Start of DATASET CONTENT

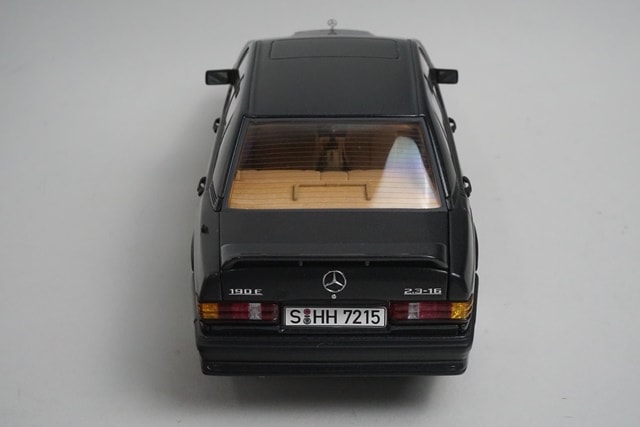 1:18 AUTOart 76122 Mercedes Benz 190E 2.3 16V Blue Black Metallic model car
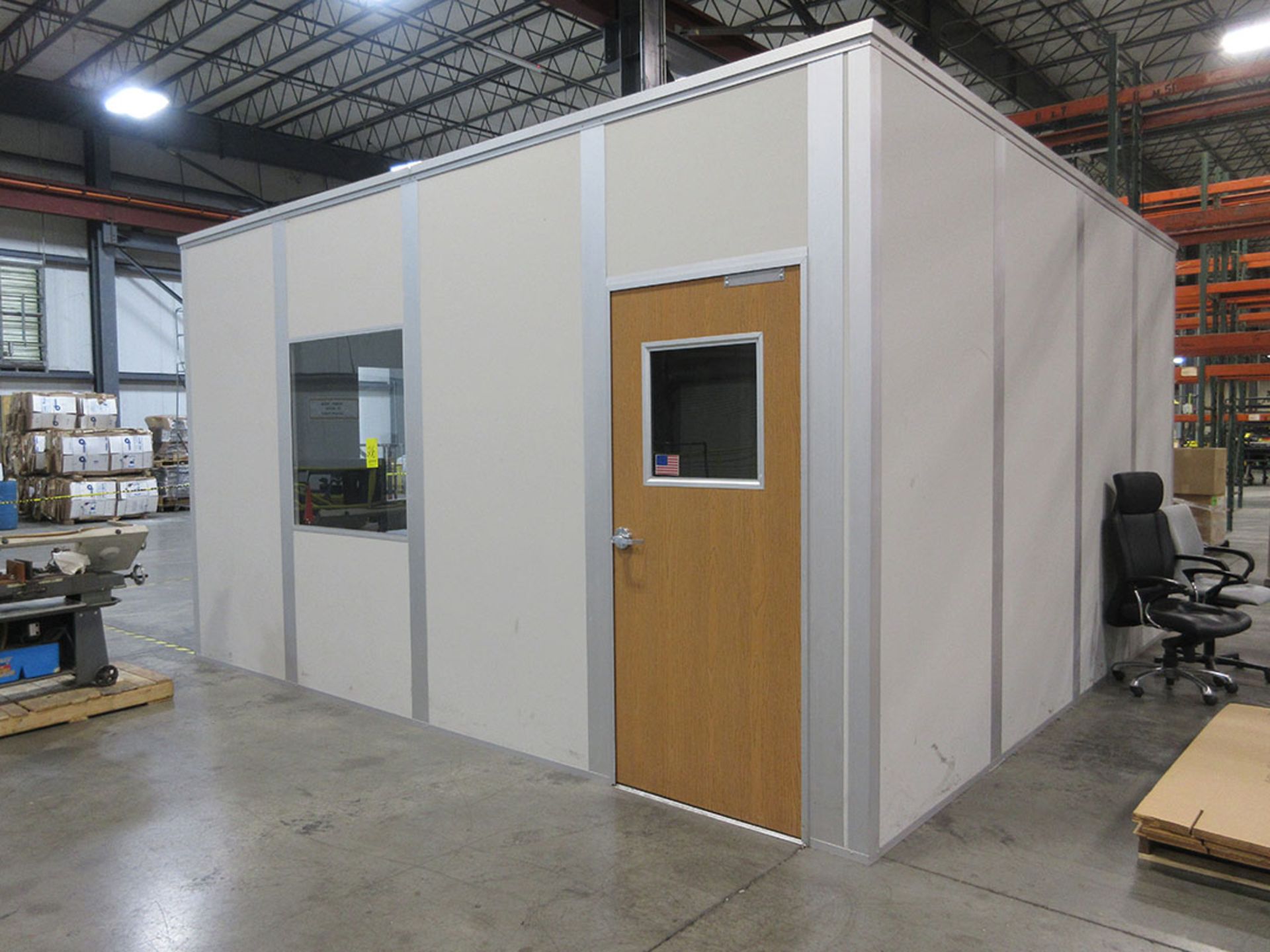 PANEL BUILT 16' X 16' MODULAR OFFICE BUILDING, SINGLE DOOR, AND (2) WINDOWS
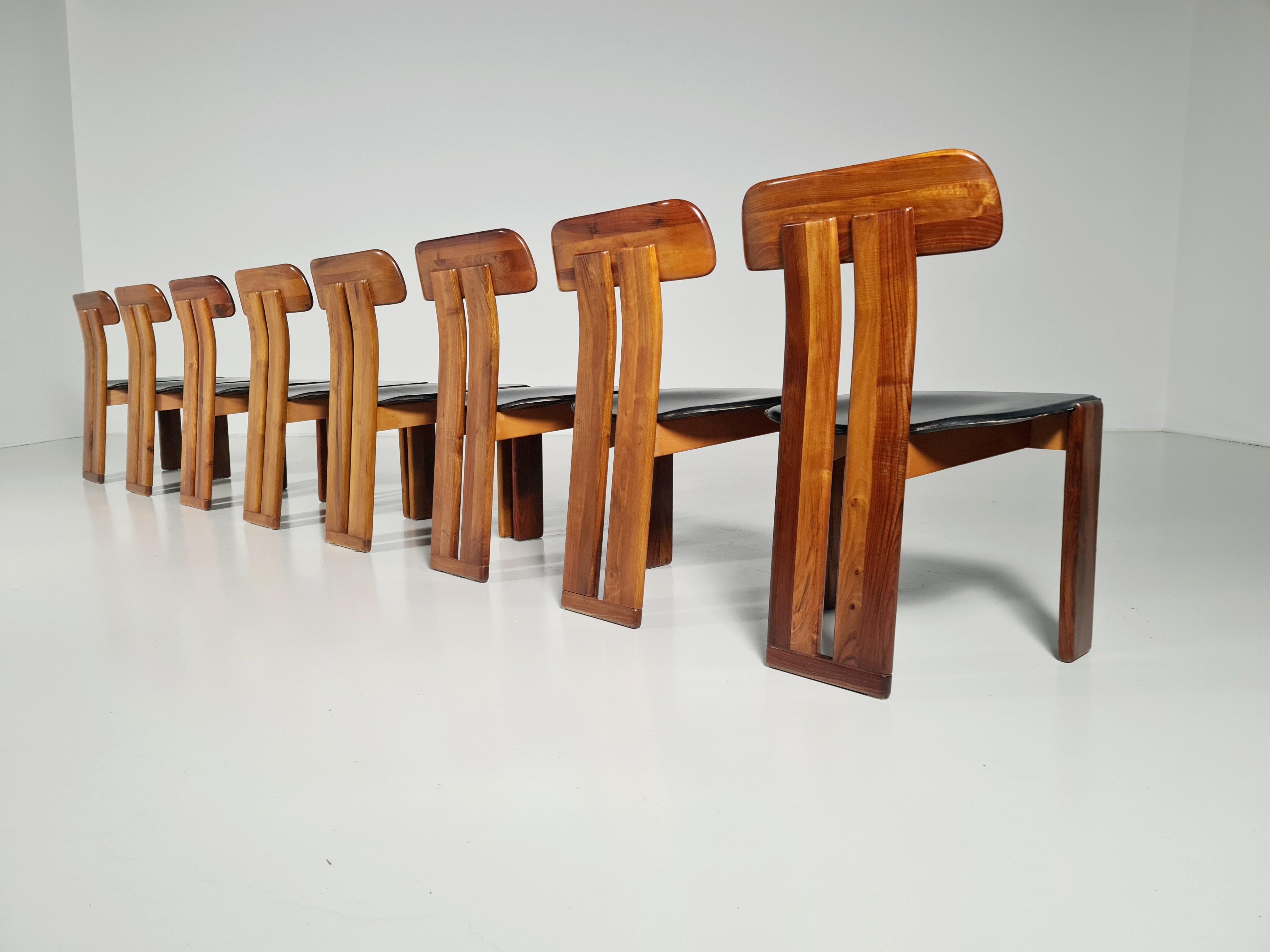 Set of 8 Dining Chairs by Sapporo for Mobil Girgi, Italy, 1970s In Good Condition In amstelveen, NL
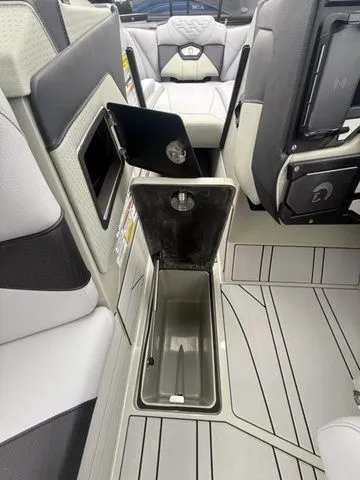 Slide: The Image of Centurion Ri230 2026 - 15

End of DATASET CONTENT

YOUR GOAL: A verbatim retyping of the listing, without any pictures, is the expected answer.

ANSWER BOX:
 1:18 AUTOart 76122 Mercedes Benz 190E 2.3 16V Blue Black Metallic model car
 PANEL BUILT 16' X 16' MODULAR OFFICE BUILDING, SINGLE DOOR, AND (2) WINDOWS
 Set of 8 Dining Chairs by Sapporo for Mobil Girgi, Italy, 1970s In Good Condition In amstelveen, NL
 Slide: The Image of Centurion Ri230 2026 - 15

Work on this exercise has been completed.